Ничто так не вселяет в людей мужество и бодрость духа, как скромная шутка в суровой обстановке, как приподнятое настроение после бессонной ночи.

– Ну, если мы собираемся поесть, то нужно разжечь костер, – предложил Слави.

Мы развязали свои рюкзаки. Тетя Дайка набила их белым хлебом, брынзой, мармеладом да еще и медом.

Затрещал огонь. Не знаю, найдется ли хоть один партизан, который бы не любил костер. И тогда, как и всегда, костер разгорался по всем правилам конспирации, без струйки дыма. Я нарезал хлеб. Мы решили обжарить его.

– Ну, прошу к столу, – пригласил Седов.

Я только поднес к губам первый кусочек «жаркого», как мне внезапно показалось, что за нами кто-то следит. Я резко обернулся. В десяти шагах от меня, поджавшись, как для прыжка, на нас смотрела крупная полицейская ищейка с широкой мускулистой грудью и высунутым языком.

– Товарищи, вставайте! Поблизости полиция!

Мы лихорадочно собрали свои продукты и затоптали огонь. Собака, ощетинившись, смотрела на нас, но напасть боялась.

Вдруг она встала и неожиданно залаяла. И сразу же где-то поблизости с остервенением отозвались другие псы. Прогремел выстрел. С шипением в воздух взвилась желтая ракета.

– Сигнал! – промолвил Слави. – Нас обнаружили!

Коварное животное продолжало предательски захлебываться от лая.

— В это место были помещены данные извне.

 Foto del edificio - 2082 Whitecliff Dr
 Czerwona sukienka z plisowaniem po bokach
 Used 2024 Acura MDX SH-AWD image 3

– Проклятый пес, – заскрипел я зубами, схватил большой круглый камень и изо всех сил швырнул его в собаку. Седов тоже метнул в нее камень. Удары попали точно в цель. Собака пронзительно заскулила и отскочила в сторону. Еще несколько удачно брошенных камней окончательно отбили у нее желание преследовать нас. Мы поспешили уйти.

– Товарищи, – сказал я, – в этой маленькой роще даже комар не сможет укрыться. Полицейских, безусловно, больше, чем нас. Предлагаю добежать до златоселского леса, а туда километров десять.

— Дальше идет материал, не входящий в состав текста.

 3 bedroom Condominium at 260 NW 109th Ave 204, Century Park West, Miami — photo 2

– Путь впереди пока, наверное, свободен, – добавил Слави, – и у нас нет другого выбора.

Положение создалось весьма серьезное. Предстояло среди белого дня пересечь большой участок голой местности.

– Пока нас не окружили, все еще есть какая-то надежда! – проговорил Седов.

Мы вышли из рощи и остановились в полной растерянности. Перед нами простиралось ровное, свежераспаханное поле, которому не было видно конца-края. Над бороздами поднимался белый туман.

– По этому вспаханному полю идти будет трудно, – бросил я тихо.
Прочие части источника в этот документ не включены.